►

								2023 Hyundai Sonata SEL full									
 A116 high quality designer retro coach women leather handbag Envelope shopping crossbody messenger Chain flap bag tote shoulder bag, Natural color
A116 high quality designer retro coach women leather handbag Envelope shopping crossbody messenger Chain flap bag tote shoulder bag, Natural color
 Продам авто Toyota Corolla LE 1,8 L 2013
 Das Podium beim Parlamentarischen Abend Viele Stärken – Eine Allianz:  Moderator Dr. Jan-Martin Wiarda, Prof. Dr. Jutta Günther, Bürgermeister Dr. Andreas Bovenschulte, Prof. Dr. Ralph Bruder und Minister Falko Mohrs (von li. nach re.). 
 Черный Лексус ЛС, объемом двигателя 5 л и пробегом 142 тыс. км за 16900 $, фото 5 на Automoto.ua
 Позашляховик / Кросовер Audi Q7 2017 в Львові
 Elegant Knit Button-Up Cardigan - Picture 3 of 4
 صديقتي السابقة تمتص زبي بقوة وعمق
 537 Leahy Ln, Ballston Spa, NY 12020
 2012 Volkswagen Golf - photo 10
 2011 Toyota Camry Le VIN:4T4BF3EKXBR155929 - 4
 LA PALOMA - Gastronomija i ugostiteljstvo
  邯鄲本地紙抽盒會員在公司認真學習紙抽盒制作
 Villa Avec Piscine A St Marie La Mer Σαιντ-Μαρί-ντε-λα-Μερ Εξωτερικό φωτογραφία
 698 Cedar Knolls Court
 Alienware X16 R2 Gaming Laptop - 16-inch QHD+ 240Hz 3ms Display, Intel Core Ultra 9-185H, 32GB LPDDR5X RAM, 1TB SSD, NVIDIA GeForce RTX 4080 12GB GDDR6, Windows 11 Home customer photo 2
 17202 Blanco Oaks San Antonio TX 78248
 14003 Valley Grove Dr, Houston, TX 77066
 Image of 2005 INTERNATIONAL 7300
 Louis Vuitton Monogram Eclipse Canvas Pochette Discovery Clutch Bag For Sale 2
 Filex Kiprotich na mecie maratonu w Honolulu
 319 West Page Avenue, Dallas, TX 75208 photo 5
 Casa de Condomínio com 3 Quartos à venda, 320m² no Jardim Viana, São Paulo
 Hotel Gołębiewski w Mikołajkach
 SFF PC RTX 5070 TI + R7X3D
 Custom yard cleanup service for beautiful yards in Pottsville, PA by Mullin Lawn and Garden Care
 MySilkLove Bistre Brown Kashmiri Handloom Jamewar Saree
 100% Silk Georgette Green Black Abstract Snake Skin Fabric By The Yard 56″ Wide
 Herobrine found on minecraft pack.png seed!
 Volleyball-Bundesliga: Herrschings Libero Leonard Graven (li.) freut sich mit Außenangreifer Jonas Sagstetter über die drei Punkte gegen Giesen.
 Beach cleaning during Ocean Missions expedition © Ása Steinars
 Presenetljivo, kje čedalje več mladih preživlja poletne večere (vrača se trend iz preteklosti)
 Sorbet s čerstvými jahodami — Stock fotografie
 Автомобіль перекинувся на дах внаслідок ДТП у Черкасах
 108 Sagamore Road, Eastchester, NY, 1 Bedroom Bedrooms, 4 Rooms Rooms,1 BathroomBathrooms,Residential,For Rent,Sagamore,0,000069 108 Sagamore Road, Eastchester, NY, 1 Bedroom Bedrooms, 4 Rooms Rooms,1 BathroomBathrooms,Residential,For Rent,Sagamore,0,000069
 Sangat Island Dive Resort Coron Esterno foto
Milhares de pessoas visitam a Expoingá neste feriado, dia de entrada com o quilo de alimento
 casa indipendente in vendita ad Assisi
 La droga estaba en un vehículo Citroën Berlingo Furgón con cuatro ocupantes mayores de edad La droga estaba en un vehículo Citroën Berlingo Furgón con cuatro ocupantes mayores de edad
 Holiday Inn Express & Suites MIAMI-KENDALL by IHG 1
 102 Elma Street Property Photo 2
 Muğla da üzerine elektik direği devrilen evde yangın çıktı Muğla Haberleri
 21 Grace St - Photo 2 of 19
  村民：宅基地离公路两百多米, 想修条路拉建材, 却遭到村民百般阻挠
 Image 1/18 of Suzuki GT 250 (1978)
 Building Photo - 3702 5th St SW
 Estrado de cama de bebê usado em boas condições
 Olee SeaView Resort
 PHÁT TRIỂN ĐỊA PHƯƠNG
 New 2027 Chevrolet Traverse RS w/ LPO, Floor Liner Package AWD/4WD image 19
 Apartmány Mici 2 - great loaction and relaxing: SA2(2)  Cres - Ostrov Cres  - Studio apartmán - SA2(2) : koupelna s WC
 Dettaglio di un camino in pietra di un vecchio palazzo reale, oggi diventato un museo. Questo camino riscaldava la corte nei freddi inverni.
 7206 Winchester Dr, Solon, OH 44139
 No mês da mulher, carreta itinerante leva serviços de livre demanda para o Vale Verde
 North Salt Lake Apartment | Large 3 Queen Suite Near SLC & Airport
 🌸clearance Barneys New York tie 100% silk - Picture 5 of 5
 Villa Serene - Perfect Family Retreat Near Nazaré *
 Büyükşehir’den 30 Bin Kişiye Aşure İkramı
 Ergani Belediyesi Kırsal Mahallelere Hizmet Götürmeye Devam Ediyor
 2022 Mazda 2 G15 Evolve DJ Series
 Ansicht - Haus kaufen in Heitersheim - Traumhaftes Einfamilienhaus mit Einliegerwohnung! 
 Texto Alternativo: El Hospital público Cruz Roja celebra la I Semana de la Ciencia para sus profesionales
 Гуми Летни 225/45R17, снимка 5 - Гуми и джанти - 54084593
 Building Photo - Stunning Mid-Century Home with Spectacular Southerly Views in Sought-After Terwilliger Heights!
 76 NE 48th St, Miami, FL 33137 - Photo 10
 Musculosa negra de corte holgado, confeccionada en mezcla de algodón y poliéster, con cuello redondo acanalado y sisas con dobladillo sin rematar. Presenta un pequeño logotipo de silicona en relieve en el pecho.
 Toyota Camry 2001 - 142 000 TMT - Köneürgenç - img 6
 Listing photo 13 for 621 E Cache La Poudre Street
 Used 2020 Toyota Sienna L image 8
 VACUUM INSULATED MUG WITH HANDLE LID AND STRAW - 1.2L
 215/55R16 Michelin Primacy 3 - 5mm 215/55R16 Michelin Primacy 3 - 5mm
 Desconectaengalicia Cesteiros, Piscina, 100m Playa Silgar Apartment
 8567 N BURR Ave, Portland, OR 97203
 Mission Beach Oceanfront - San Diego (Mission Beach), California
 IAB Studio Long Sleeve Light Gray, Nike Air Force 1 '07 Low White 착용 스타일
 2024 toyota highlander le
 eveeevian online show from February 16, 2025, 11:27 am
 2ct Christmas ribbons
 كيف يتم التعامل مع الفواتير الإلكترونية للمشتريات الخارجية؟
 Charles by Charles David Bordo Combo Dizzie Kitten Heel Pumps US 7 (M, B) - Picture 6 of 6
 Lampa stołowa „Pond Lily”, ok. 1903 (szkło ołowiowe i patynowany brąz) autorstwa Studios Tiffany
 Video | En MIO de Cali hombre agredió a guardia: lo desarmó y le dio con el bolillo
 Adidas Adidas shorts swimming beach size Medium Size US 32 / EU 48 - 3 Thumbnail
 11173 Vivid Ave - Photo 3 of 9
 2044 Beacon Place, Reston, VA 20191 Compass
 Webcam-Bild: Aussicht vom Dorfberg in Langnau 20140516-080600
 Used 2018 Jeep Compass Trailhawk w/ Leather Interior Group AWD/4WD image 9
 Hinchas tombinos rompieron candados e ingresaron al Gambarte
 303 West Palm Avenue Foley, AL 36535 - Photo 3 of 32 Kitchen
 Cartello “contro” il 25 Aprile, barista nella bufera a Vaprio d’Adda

◄

| Exercise requirements |
What you return should be the lines from the start of the data through the line with "537 Leahy Ln, Ballston Spa, NY 12020", quoted exactly and nothing more.

| Answer for the task |
								2023 Hyundai Sonata SEL full									
 A116 high quality designer retro coach women leather handbag Envelope shopping crossbody messenger Chain flap bag tote shoulder bag, Natural color
A116 high quality designer retro coach women leather handbag Envelope shopping crossbody messenger Chain flap bag tote shoulder bag, Natural color
 Продам авто Toyota Corolla LE 1,8 L 2013
 Das Podium beim Parlamentarischen Abend Viele Stärken – Eine Allianz:  Moderator Dr. Jan-Martin Wiarda, Prof. Dr. Jutta Günther, Bürgermeister Dr. Andreas Bovenschulte, Prof. Dr. Ralph Bruder und Minister Falko Mohrs (von li. nach re.). 
 Черный Лексус ЛС, объемом двигателя 5 л и пробегом 142 тыс. км за 16900 $, фото 5 на Automoto.ua
 Позашляховик / Кросовер Audi Q7 2017 в Львові
 Elegant Knit Button-Up Cardigan - Picture 3 of 4
 صديقتي السابقة تمتص زبي بقوة وعمق
 537 Leahy Ln, Ballston Spa, NY 12020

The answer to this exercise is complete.